According to Focus Taiwan, Lo He-chieh, who founded Elite Merchandising Corp. (EMC) in 2005, reported a surge in orders following Trump’s announcement of new reciprocal tariffs on April 2. The tariffs, which were later postponed, would impose a 10 percent import duty on Egyptian goods, significantly lower than the 32 percent planned for Taiwanese products.
Lo credits the increased demand to the strategic location of his factories in Alexandria, one of 20 Qualifying Industrial Zones (QIZs) in Egypt. These zones benefit the textile and apparel industry by offering exemption from U.S. tariffs, provided 11.7 percent of the product value originates from Egypt, as per the QIZ protocol signed by Egypt, the United States, and Israel in 2004.

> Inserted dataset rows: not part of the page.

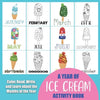 A Year of Ice Cream Activity Book: Color, Read, Write and Learn about the Months of the Year! Great for Ages 5-8, Activity Book with Coloring and Fact - Paperback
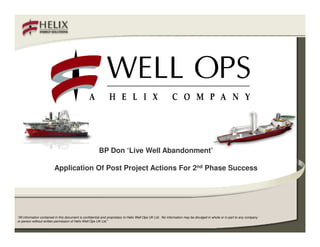 BP Don ‘Live Well Abandonment’

                         Application Of Post Project Actions For 2nd Phase Success




“All information contained in this document is confidential and proprietary to Helix Well Ops UK Ltd. No information may be divulged in whole or in part to any company
or person without written permission of Helix Well Ops UK Ltd.”
 
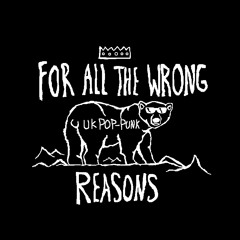 For All The Wrong Reasons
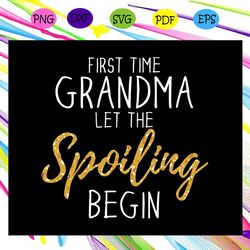 first the grandma let the spoiling begin svg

Lo’s decision to relocate to Egypt was influenced by the QIZ initiative. His factories’ garment values include 10.5 percent cloth from Israel and nearly 90 percent materials and equipment from Asia, complying with the protocol requirements.
FASH455, a platform focused on global apparel and textile trade, has indicated that U.S. import tariff rates for textiles and apparel have fluctuated between 13 and 15 percent from 2010 to 2024, in contrast to the 1 to 3 percent average for other goods. This disparity highlights the advantage Egyptian products have under the QIZ agreement.
Textiles and apparel, as one of Egypt’s oldest industries, account for 12 to 15 percent of the country’s export value and are the third-largest source of foreign exchange. Approximately 70 percent of the 600 factories in Egypt’s QIZs are dedicated to these sectors.
Lo’s company, EMC, has expanded rapidly, establishing one factory per year and becoming the largest automated garment manufacturer among Egypt’s nearly 7,000 garment factories. Lo attributes the success to Egypt’s young and affordable labor force and its strategic geographic position, which facilitates trade with Europe, Asia, and Africa.
Lo remains optimistic about Egypt’s business potential and encourages Taiwanese entrepreneurs to invest in the country. Despite his call for forming a supply chain in Egypt, he notes that the number of Taiwanese firms there remains limited.